-- Opening Marker --

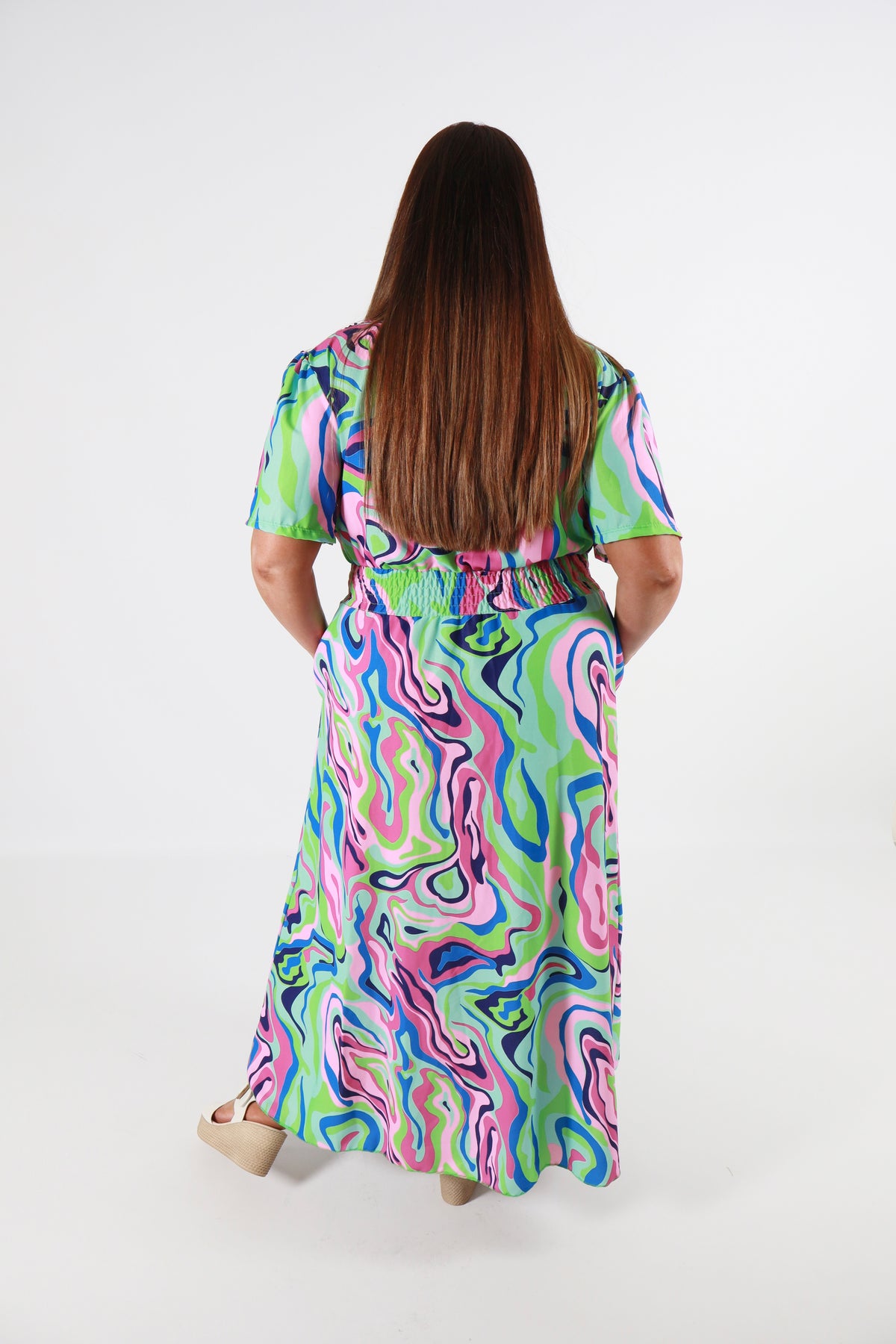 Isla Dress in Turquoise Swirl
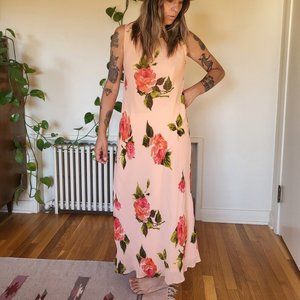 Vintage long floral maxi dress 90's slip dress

-- Closing Marker --
-- Opening Marker --

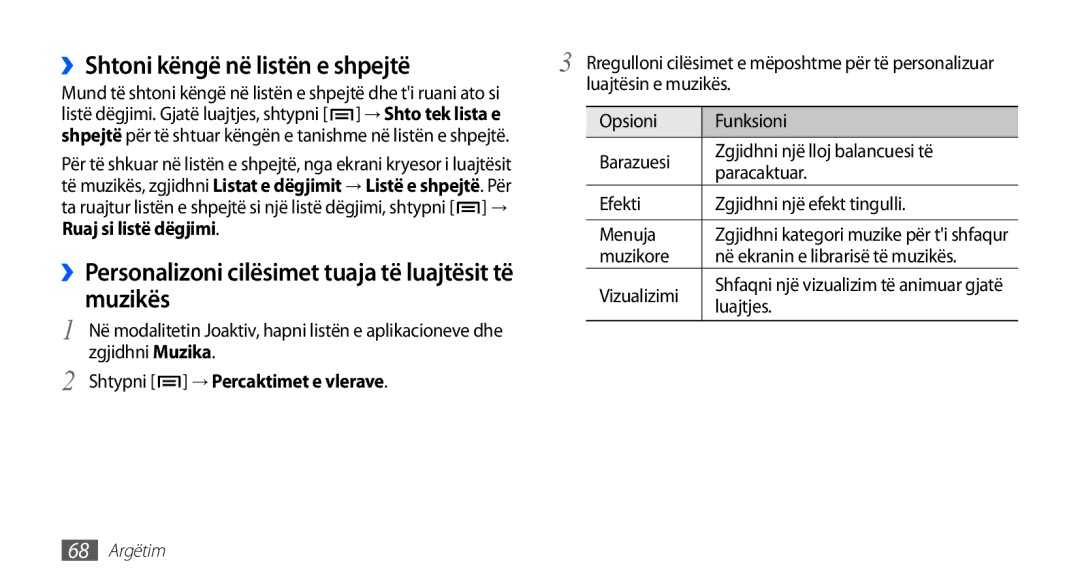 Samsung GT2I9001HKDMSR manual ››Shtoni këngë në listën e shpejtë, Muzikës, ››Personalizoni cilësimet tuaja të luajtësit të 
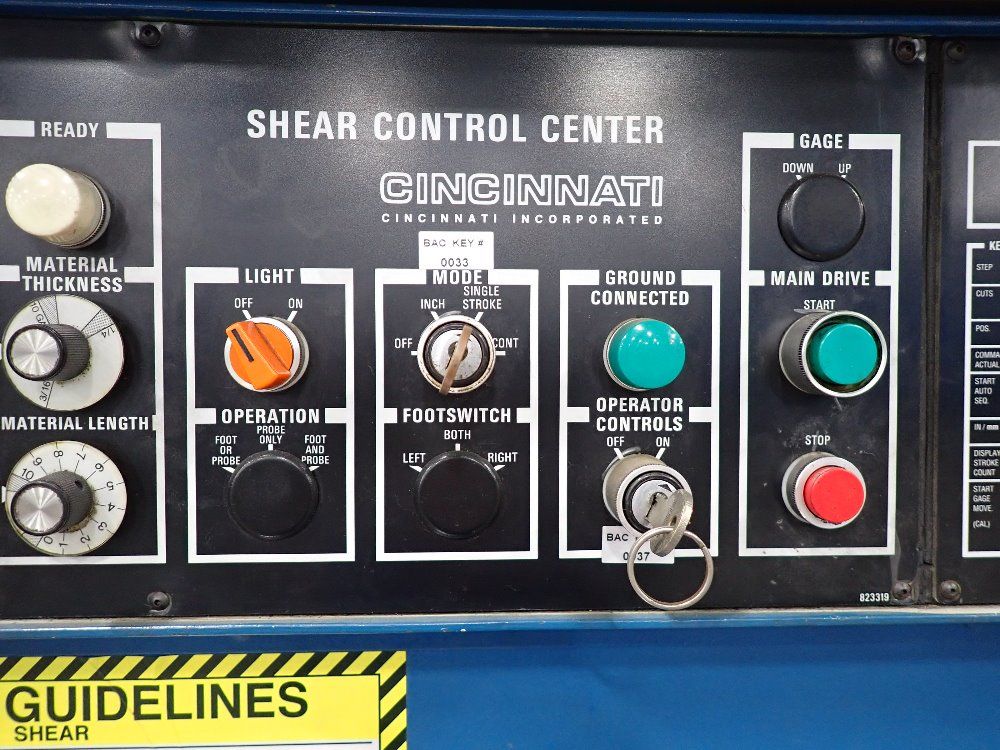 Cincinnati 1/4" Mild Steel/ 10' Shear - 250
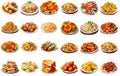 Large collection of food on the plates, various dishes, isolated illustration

-- Closing Marker --

**Task description**
Each line above starting at the one holding "Isla Dress in Turquoise Swirl" and ending at the one holding "Vintage long floral" should be set down exactly as it stands, both ends included, with no pictures.

**Output of the exercise**
 Isla Dress in Turquoise Swirl
 Vintage long floral maxi dress 90's slip dress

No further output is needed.